You’d think black people would be allowed ownership of the civil rights struggle – but meaning is fluid in the Trump era. Don’t fall for it
Each year, on the third Monday in January, US public schools close to observe the birthday of Martin Luther King Jr. At some point during the preceding week, most schoolchildren attend a Martin Luther King Jr Day assembly, a pregnant pause between classes designed to remind students of the black trauma and black greatness in America’s DNA, the gravity of King’s sacrifice, and, most pressingly, the persistent relevance of his mission. The purpose is not just to honour, but to remember. A good MLK Day assembly ought to emphasise that our work is not done, particularly this year, just days before America’s first black president hands the nation over to an oligarch endorsed by the Ku Klux Klan who “won” his office largely through voter suppression in black and Latino communities.
My stepdaughter’s high school held theirs last week. “We just had an MLK assembly,” she texted me as she filed out of the auditorium, “and it was the biggest steaming pile of shit.” I held out the phone to show my husband. She doesn’t swear in front of us. The featured speaker, she said, was a white man – a classmate’s grandfather – who supposedly saw King deliver his famous I Have a Dream speech. According to my kid, he told the assembled students that Black Lives Matter is “too exclusive”, and “all lives matter” was more in line with King’s message. The room exploded into cheers. My daughter, a mixed-race girl in a mostly white school, refused to clap. (Later, some white friends would make fun of her for it: sure, the speech was “weird”, but why was she so upset?) The white man concluded his remarks by declaring that it would have been King’s dream for the Seattle Seahawks to defeat the Atlanta Falcons in the then-upcoming National Football League playoff game. The assembled crowd nearly collapsed with delight. (The Seahawks lost.)
She says that a white teacher took the mic and added something along the lines of: “People say our school is not very diverse, but that’s not true. We have one of the most diverse schools I’ve ever seen!” To illustrate her point, the white teacher played a video of, in my daughter’s words, “a bunch of white kids talking about how different they were because they could, like, cross their eyes weird”. There were reportedly three black kids in the “diversity” video, only two with speaking parts. No black people spoke live at the assembly. “Really?” my husband joked. “Black people don’t even get to keep Martin Luther King? I was sure we had that one nailed down.”
A suburban public high school is hardly a litmus test for all of humanity or a bastion of sophisticated pageantry, but one would expect administrators to at least try to centre black people’s voices on the one day our nation has set aside for them. Their failure to even graze that generously low bar reveals something much more insidious than overt, explicit racism: certain white Americans believe that you can have a discussion about race that is post-racial; that black people do not necessarily need to be centred in the struggle for black people’s equality.

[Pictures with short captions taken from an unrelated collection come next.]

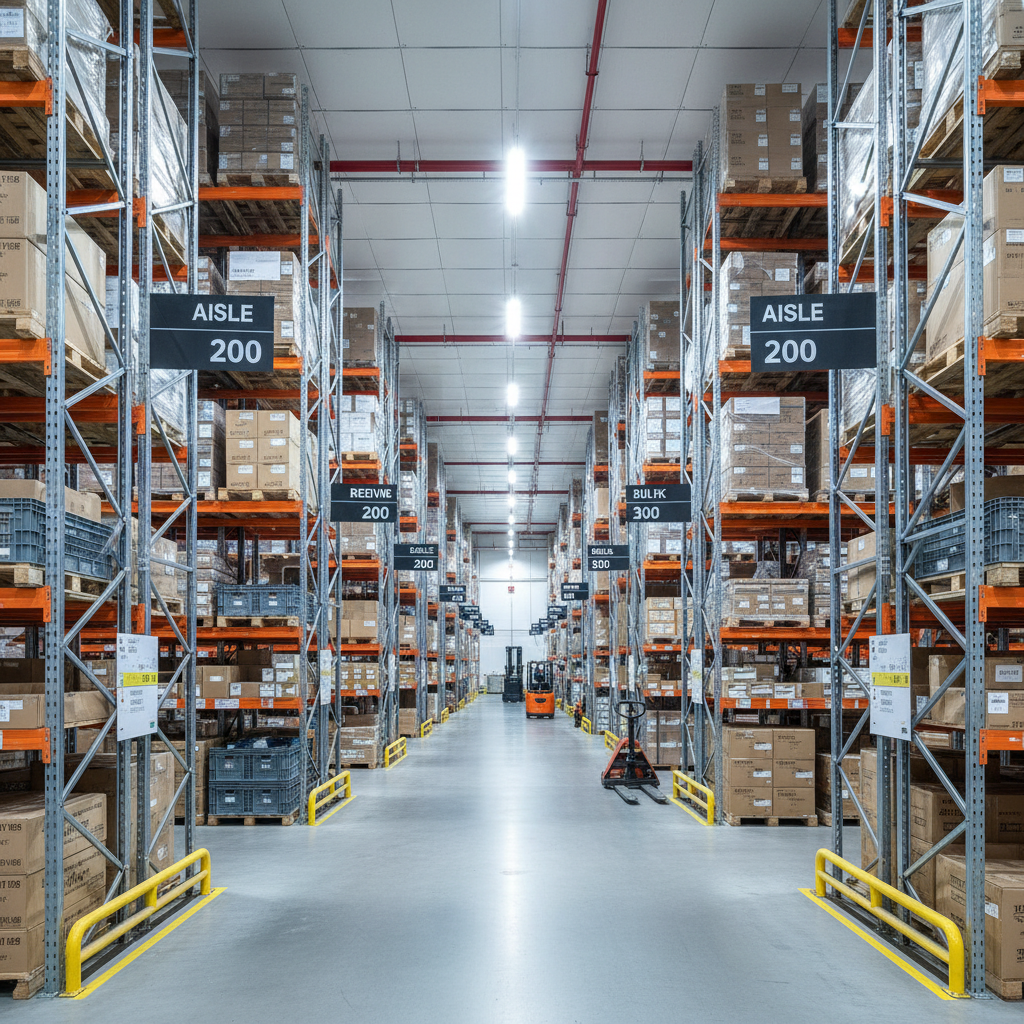 Organized warehouse shelving with wholesale inventory boxes in dim industrial lighting, dark storage environment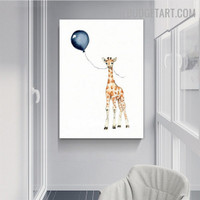 Giraffe Balloon Nordic Animal Contemporary Painting Picture Canvas Print for Room Wall Molding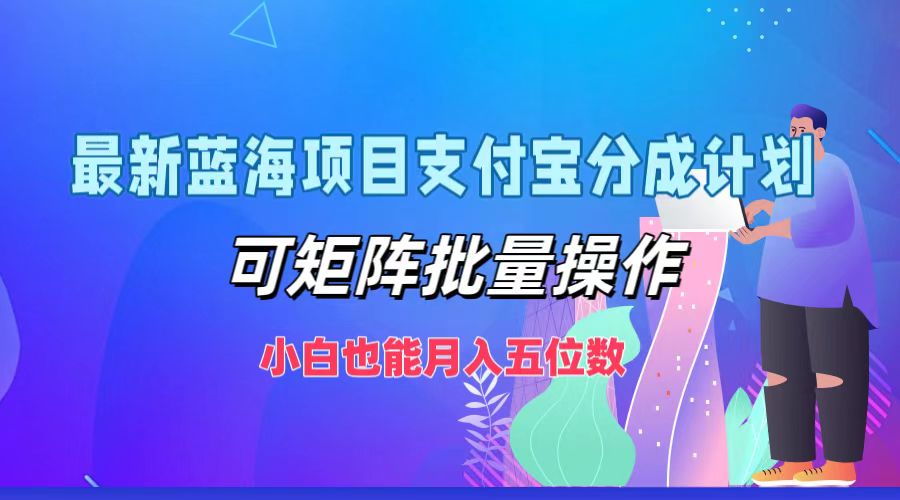 最新蓝海项目支付宝分成计划，可矩阵批量操作，小白也能月入五位数-天娱网创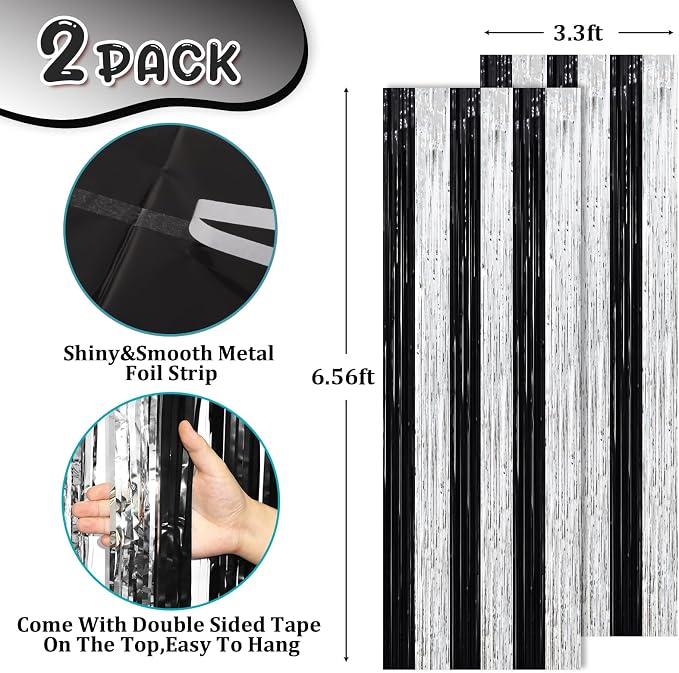 Voircoloria Black Silver Foil Fringe Backdrop Curtains, 2 Pack | Tinsel - Image 3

Rightwing lawmakers don’t need to outright replace MLK Day with KKK Day (although, fun fact: in Alabama, Arkansas and Mississippi, King shares his holiday with Confederate general Robert E Lee). It’s much simpler and more effective to hollow out and rebrand King’s words to mean whatever you want them to mean. Get used to Trumpism that looks like liberal boilerplate. Certain predators figured out years ago that it’s far more efficient to be a parasite. “Injustice anywhere is a threat to justice everywhere,” can sound a lot like, “Reverse racism is real,” in the mouth of a disingenuous propagandist. “Hate cannot drive out hate; only love can do that,” can easily read as, “Be nice to white people and never criticise them,” to fragile ideologues.
This deliberate erosion of meaning is how civil-rights hero and US congressman John Lewis – who knew and worked with King – came to be publicly scolded by comedian Rob Schneider (who, to his credit, has worked as both a European and a domestic gigolo). Affronted by Lewis’s stated opinion that Trump’s presidency is not “legitimate”, Schneider birthed this remarkable tweet: “Rep. Lewis. You are a great person. But King didn’t give in to his anger or his hurt. That is how he accomplished & won Civil Rights.”
We don’t have to imagine how King might have felt about such a lazy perversion of his ideas, not to mention the self-evident delusion that civil rights have been “won”. He wrote the definitive evisceration in 1963’s Letter from Birmingham Jail:
“I have almost reached the regrettable conclusion that the Negro’s great stumbling block in his stride toward freedom is not the White Citizen’s Counciler or the Ku Klux Klanner, but the white moderate, who is more devoted to ‘order’ than to justice; who prefers a negative peace which is the absence of tension to a positive peace which is the presence of justice; who constantly says: ‘I agree with you in the goal you seek, but I cannot agree with your methods of direct action’; who paternalistically believes he can set the timetable for another man’s freedom; who lives by a mythical concept of time and who constantly advises the Negro to wait for a ‘more convenient season.’ Shallow understanding from people of good will is more frustrating than absolute misunderstanding from people of ill will. Lukewarm acceptance is much more bewildering than outright rejection.”